Jibade-Khalil Huffman is the author three books of poems, including, most recently, Sleeper Hold (Fence, 2015). Huffman was an artist-in-residence at The Studio Museum in Harlem in 2015-16 and was included in the 2014 Made in L.A. Biennial at the Hammer Museum. He has presented work at institutions including MoMA/PS1, New York; MOCA, Los Angeles; Swiss Institute, New York and the Portland Institute for Contemporary Art, Portland, Downstairs Projects, ICA Philadelphia and MOCA Detroit. Huffman has exhibited work in solo and group shows at galleries including Anat Ebgi, Los Angeles; Blum & Poe, Los Angeles; LACE, Los Angeles; LAXART, Los Angeles; Marianne Boesky East, New York;  China Art Objects, Los Angeles and Night Gallery, Los Angeles.

Eiko Otake

Eiko was born in 1952 in Tokyo and grew up in post-war, post-occupation Japan. At a time when few women were accepted into the field of law and politics, Eiko enrolled in the law department at Chuo University to major in political science. But she was drawn to Tokyo’s lively underground art scene and encountered the works of avant-garde filmmakers, writers, and performers, including Tatsumi Hijikata. She met Koma at Hijikata’s studio and the two began collaborating. Soon after, she dropped out of college and began to study with Kazuo Ohno while performing in cabarets with Koma under the name “Night Shockers.”

In 1972 Eiko and Koma traveled to Germany to study with Manja Chimiel, a disciple of Mary Wigman, and began to present their own work. After performing in festivals and galleries in Germany, the Netherlands, Tunisia, and San Francisco, they settled in New York City in 1976. Over the next 40 years, Eiko & Koma would create a unique theater of movement out of stillness, shape, light, and sound, to great acclaim worldwide.

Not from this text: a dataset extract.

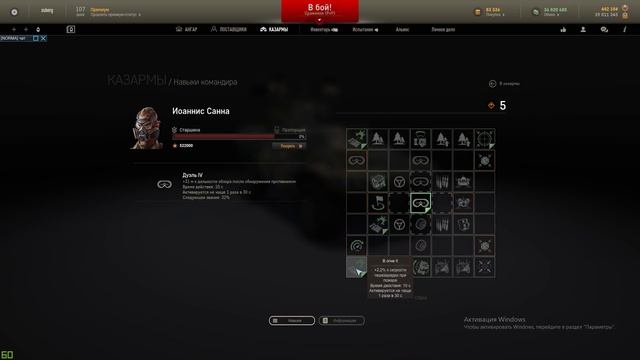 Armored Warfare. Иоаннис Санна - гайд по прокачке командира смотреть онлайн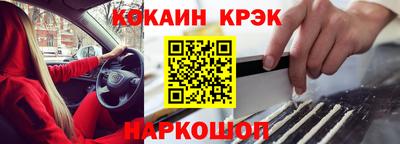 скорость mdpv Мариинск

With her ongoing solo project, Eiko has performed at train stations (Philadelphia’s 30th Street Station and New York City’s Fulton Station), libraries, galleries, an abandoned house, an observatory, and a warehouse. Engaging with the particulars of place and the gaze of each viewer, Eiko will continue her exploration in Hong Kong and Chile before arriving in the East Village, home of Danspace Project.